Managed care member-months may exceed 12× patient count if enrolled without visits. – Special pops: All FQHCs are required to disclose totals for migrants, homeless, veterans, and so on, even if they do not have a grant for them; in this instance, details are grayed out. – Cross-checks: Totals should match the relevant totals on Table 9D to allow for PMPM calculations, etc.

Mock example row: If a center serviced 500 patients at ≤100% FPL, 1000 at 101-200% FPL, and 1500 over 200% FPL, it would list Line 1: ≤100% FPL 500; Line 2: 101-200% 1000; Line 3: 201-300% 500; Line 4: >300% 1000; Line 5: Unknown 0; Total: 3000.

Table 5: Staffing and Utilization (plus Selected Service Addendum)

Staffing, visitation, and patient count data are summarized by service category. It displays how many full-time equivalent employees work in medical, dental, mental health, substance use disorder, enabling, and administrative roles, as well as how many visits and patients they produce. A related addendum categorizes mental health and SUD visits by provider type. This table is crucial for determining productivity and staffing ratios.

Key fields: Column A: Personnel FTEs by category. Columns B/B2: Clinic visits and Virtual visits by provider line. Column C: Patients by category. The Selected Service Addendum has Column A1 listing providers of mental health or SUD, with separate visits/patients columns.

Payroll and human resources records, as well as scheduling and visitor logs. FTEs are employees employed or contracted and scaled to full-time equivalents for the year. Visits are counted only if they match UDS criteria and are recorded in the EHR or visit log. Patients are individuals who had one or more visits during the year, tallied once per service type.

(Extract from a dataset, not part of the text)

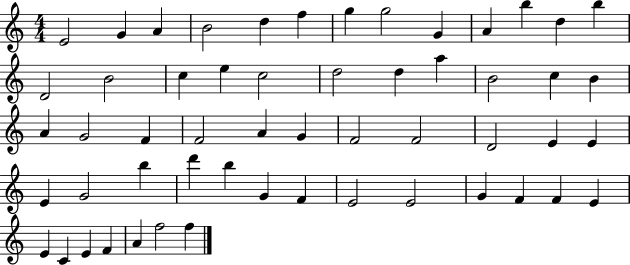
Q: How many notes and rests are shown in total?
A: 55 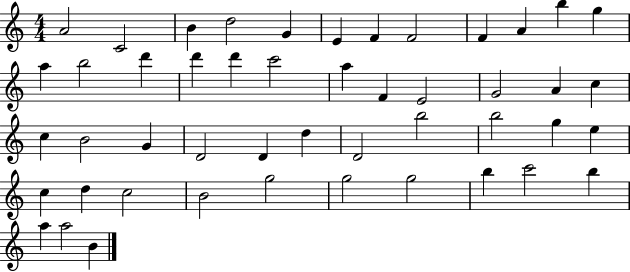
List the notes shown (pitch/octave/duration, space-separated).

  • An FTE is the equivalent of one person working full-time for a year.
  • Part-time employees, contract providers, volunteers, and trainees should all be counted proportionally.
  • FTEs should not be adjusted downward for vacation or leave; instead, report full contracted capacity.
  • Visits: count one visit per patient per service category per day. 
  • For example, if a patient sees an MD and a PA on the same day for primary care, count as two separate medical visits. 
  • Virtual visits count if they meet the criteria of being synchronous and with a licensed provider. 
  • One count per patient in each category in which they received care.

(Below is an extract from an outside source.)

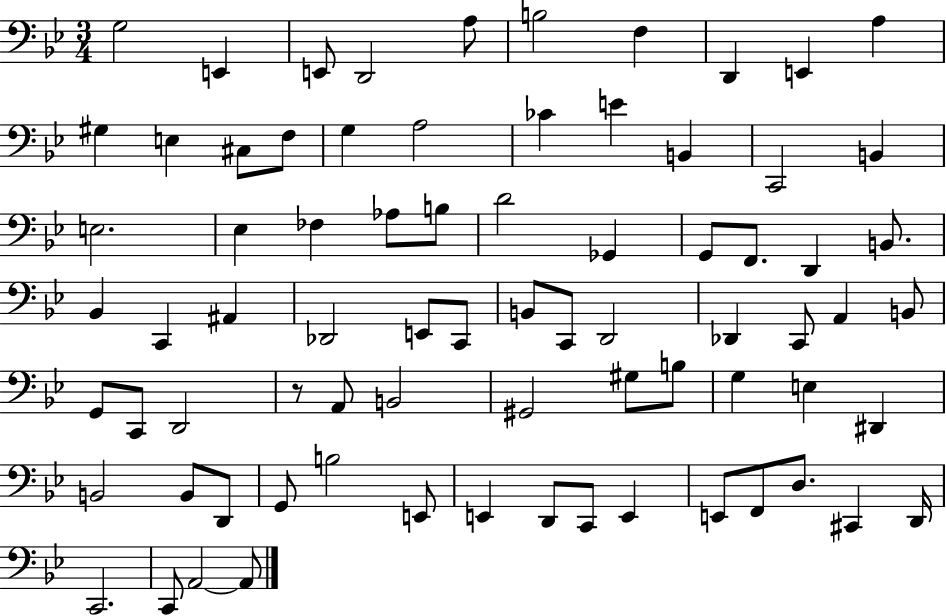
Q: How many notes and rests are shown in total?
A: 76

Assign each FTE line to the correct service licensure. Include all eligible staff in the FTE count, including full- and part-time workers, contract clinicians, volunteers, residents, debt repayment providers, and so on.

  • Do not double-count: if a provider is contracted on a fee-for-service basis, they will appear in the addendum but not in the main FTE columns.
  • Visits must align with providers: e.g., only medical providers’ visits go in the medical lines, only dentists’ in dental, etc. 
  • Verify patient counts on this table against Table 3A totals by category to catch omissions.

If a center has 5.5 FTE MDs and they recorded 4,000 clinic medical visits and 200 virtual visits, with 2,500 unduplicated medical patients, a sample line might read “Physicians: FTE 5.50; Clinic Visits 4000; Virtual 200; Patients 2500.”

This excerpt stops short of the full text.